Following on the recent release of the NIE, Michael Young, an editor of the Lebanese newspaper the Daily Star, sheds light on the real game awaiting us with Iran. According to Young, the main issue is not the report’s accuracy, but rather Iran’s push for hegemony in the region and the reaction of the U.S. to that push. Iran’s rhetoric gives plenty of reason to believe that rationality is not the strongest feature of its rulers. On the other hand, Iran’s pursuit of nuclear power is very rational, given the country’s ambitions: a bomb (or the capacity to build it) would greatly enhance its power over the Gulf, the Caspian Basin, and the Levant. As Iran gained power, it would become an unignorable player in the complex game of Palestinian-Israeli peace.

The intelligence community has now concluded that the Iranians are no longer building a bomb. But is Iran, then, harmless? Of course not. The NIE shows that the Iranians were building a bomb in the first place, something that no official document asserted conclusively until now (the IAEA never went so far, saying only that it could not confirm the Iranians were NOT building a bomb). Given that the NIE says the Iranians halted the weaponization part of their program under pressure (while they kept working on the two more difficult elements of the program, enrichment and ballistic missiles), why should that pressure be let off now?

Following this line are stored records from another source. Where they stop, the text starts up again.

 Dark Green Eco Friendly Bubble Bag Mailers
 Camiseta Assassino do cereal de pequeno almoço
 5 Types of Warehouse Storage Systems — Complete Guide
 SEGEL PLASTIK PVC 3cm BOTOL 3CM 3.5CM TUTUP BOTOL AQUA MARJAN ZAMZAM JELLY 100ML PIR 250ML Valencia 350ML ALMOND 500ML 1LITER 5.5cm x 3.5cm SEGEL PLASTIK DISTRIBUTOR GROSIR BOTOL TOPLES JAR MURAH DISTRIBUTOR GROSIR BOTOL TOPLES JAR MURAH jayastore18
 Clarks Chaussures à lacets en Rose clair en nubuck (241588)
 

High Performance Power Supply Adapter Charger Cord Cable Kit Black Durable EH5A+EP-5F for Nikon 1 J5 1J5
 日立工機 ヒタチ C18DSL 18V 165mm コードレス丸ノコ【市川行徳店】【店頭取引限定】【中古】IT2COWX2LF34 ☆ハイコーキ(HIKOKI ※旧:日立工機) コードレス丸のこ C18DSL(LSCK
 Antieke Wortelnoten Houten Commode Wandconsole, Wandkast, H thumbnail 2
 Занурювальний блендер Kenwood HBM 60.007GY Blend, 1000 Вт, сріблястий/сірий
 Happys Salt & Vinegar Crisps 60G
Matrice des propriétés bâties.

Even if one assumes the NIE to be accurate, the basic questions about Iran do not change. Can the U.S. afford to let the Iranians become the dominant regional power and have a say over all the crises the West wishes to solve in the Middle East? Can the U.S. afford an outcome in Lebanon solely dictated by Tehran? How Does Iran’s desire to be a player in the “peace process” square with that process’s nominal goal? And what about Iran’s support of insurgents in Southern Iraq ? And Iran’s bullying of other Gulf states? Young says that

Iran would gladly draw the U.S. into a lengthy discussion of everything and nothing, and use this empty gabfest as a smokescreen to advance its agenda. But diplomacy is not an end in itself; to be meaningful it has to achieve specific aims and be based on confidence that both sides seek a mutually advantageous deal. Nothing suggests the Iranians have reached that stage yet.

Focus on the bomb has led some to ask the wrong questions about Iran. Iran’s current agenda is a threat to Western interests—the bomb is just a tool to advance that agenda more effectively. Instead of accommodating Iran in exchange for a temporary reprieve in its pursuit of nuclear power, American foreign policy should focus on containing Iran’s push for hegemony.